The measure is regular transportation, to a regular classroom, with regular students, regular curriculum, access to regular non-academic activities, access to extra-curricular activities, and access to the benefits of all programs and services of the school district.
Any problem arising from a disability that keeps a student from each of the above goals must be reflected in the baseline of need, the outcome desired, and specifically what needs to be programmed for.
If a student cannot productively take a regular bus to school as the other children do, because of a disability, that needs to be programmed for because it is a barrier to full enjoyment of the educational experience now and employability, access to recreation and leisure in the community and independent living later.
If a student, because of a disability, cannot get his homework assignment, take the needed books home, do the expected homework and turn it in when he returns to school the next day, that needs to be programmed for because it affects inclusion in a regular class today and affects employability and access to further education and training later.

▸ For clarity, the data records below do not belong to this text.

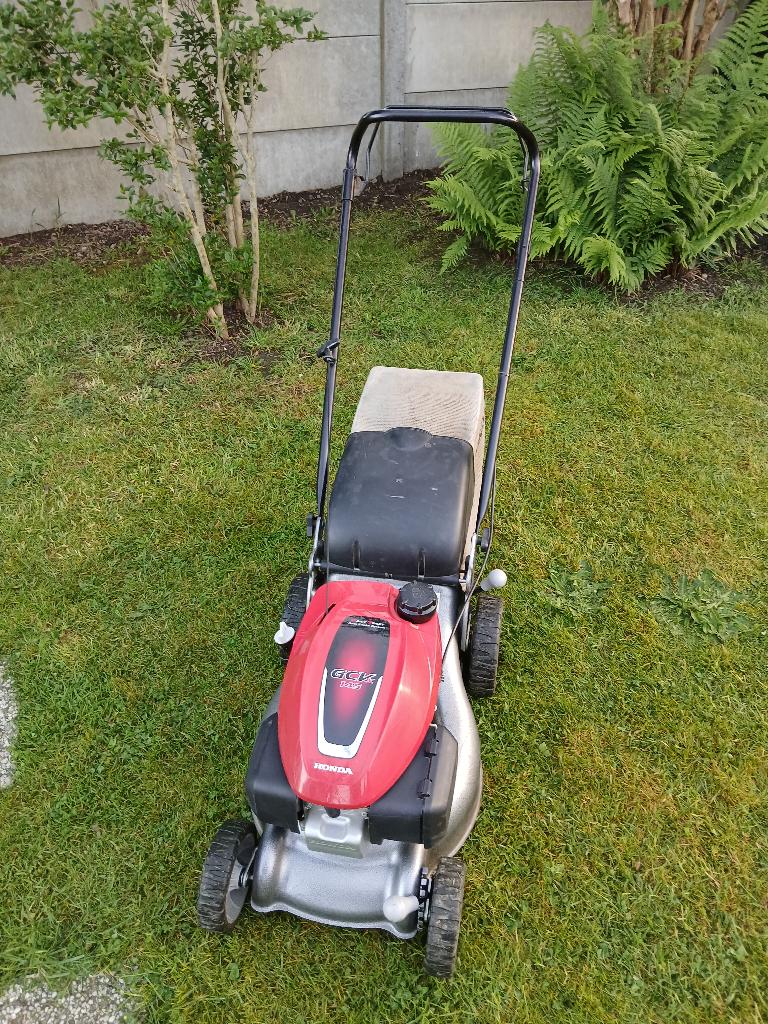 Tondeuse HONDA essence, Jardin & Terrasse, Tondeuses à gazon, Honda, Tondeuse rotative, 40 à 49 cm, Enlèvement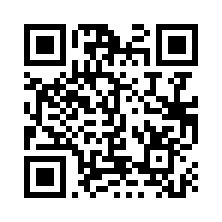 QR Code for bitcoin:12dj1JSkhCUTQsLoFQCVSdGUx3xXw6aNaF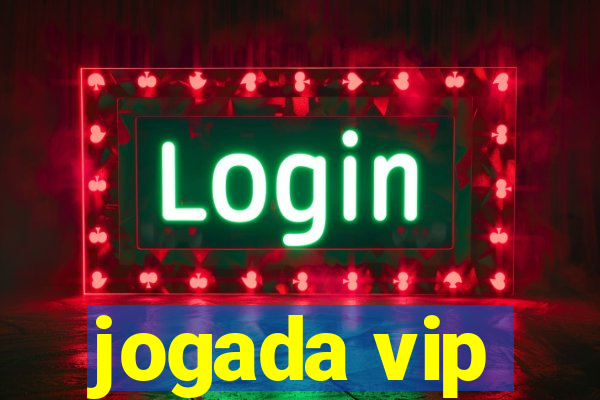 jogada vip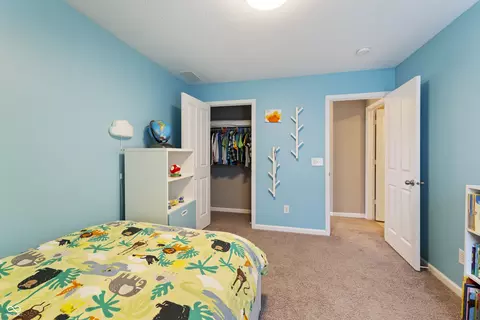 Bedroom - 14059 Knightstown Dr E, Carmel, IN 46033 photo 4 of 8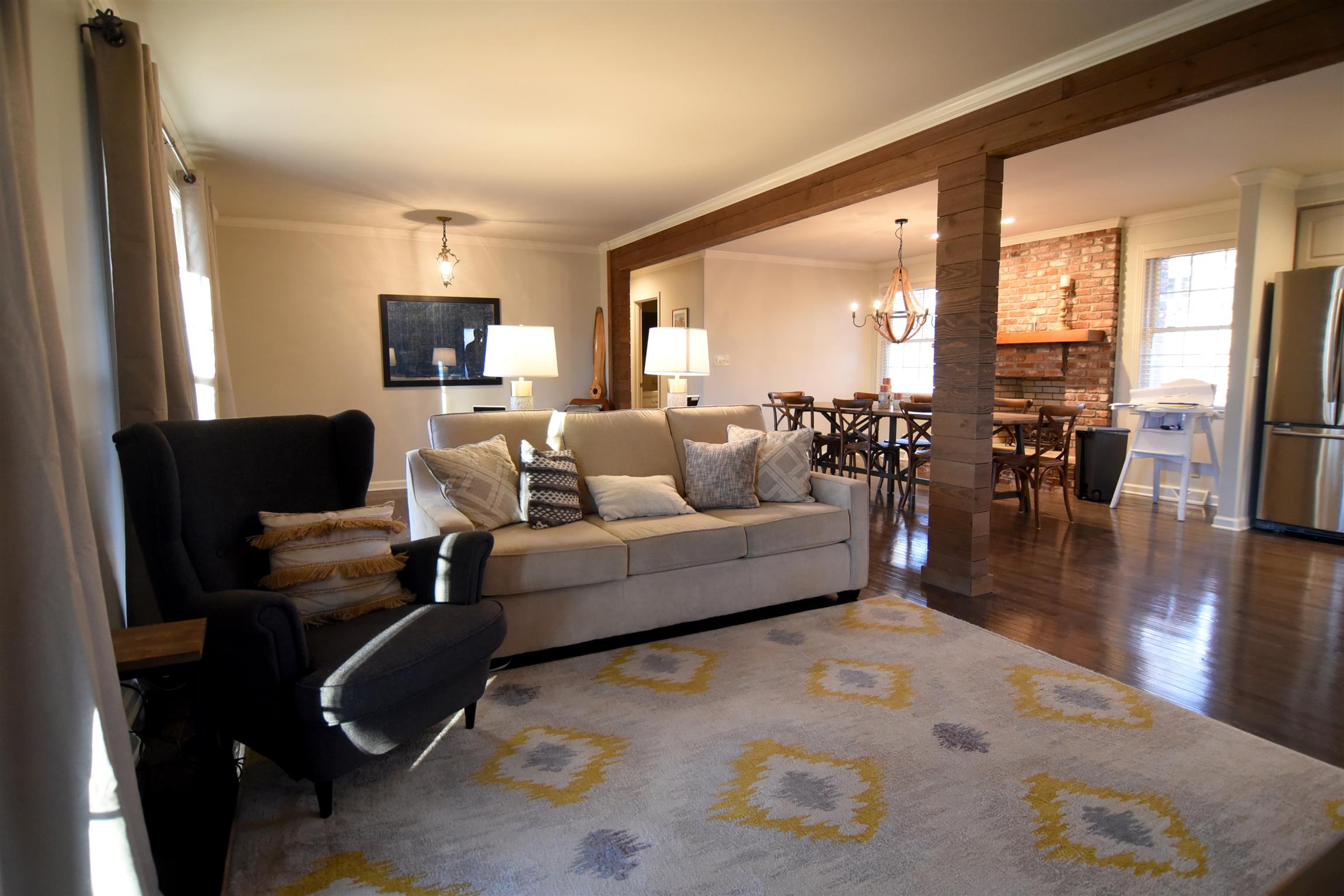 471 Seven Springs Road Clarksville, TN 37043 - Photo 8 of 15 Gallery Image 8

The changes in the 1997 IDEA Amendments require [at 20 U.S.C. 1414(d)]:
- Evaluation must include information related to enabling the child to be involved and progress in the general curriculum
- The IEP must have base lines of need stating how the child's disability affects the child's involvement and progress in the general curriculum
- The IEP must have a statement of measurable annual goals related to enabling the child to be involved in and progress in the general curriculum
- The IEP must have a statement of the special education and related services and supplementary aids and services to be provided to the child and a statement of the program modifications or supports for school personnel that will be provided for the child to be involved and progress in the general curriculum and to participate in extracurricular and other non-academic activities
- The IEP must include at least one regular education teacher who helps determine appropriate positive behavioral interventions and strategies and the determination of supplementary aids and services, program modifications, and supports for school personnel in the regular environment
- The IEP team must include a representative of administration that is knowledgeable about the general curriculum
- At the IEP meeting, if the student exhibits a behavior that impedes their learning in the regular environment, the IEP team must consider strategies, including positive behavioral interventions, strategies and supports to address that behavior
The focus, whether in the IDEA, Section 504 or the ADA, has moved completely from serving the child in the special education environment to empowering the student as they transition through the regular education environment and into the regular community
Senator Stafford, offering an "inclusion" amendment to the Education for All Handicapped Children Act, saw clearly 25 years into the future:
"We are concerned that children with handicapping conditions be educated in the most normal possible and least restrictive setting, for how else will they adapt to the world beyond the educational environment, and how else will the nonhandicapped adapt to them?" [120 Cong. Rec. S. 8438 (May 20, 1974].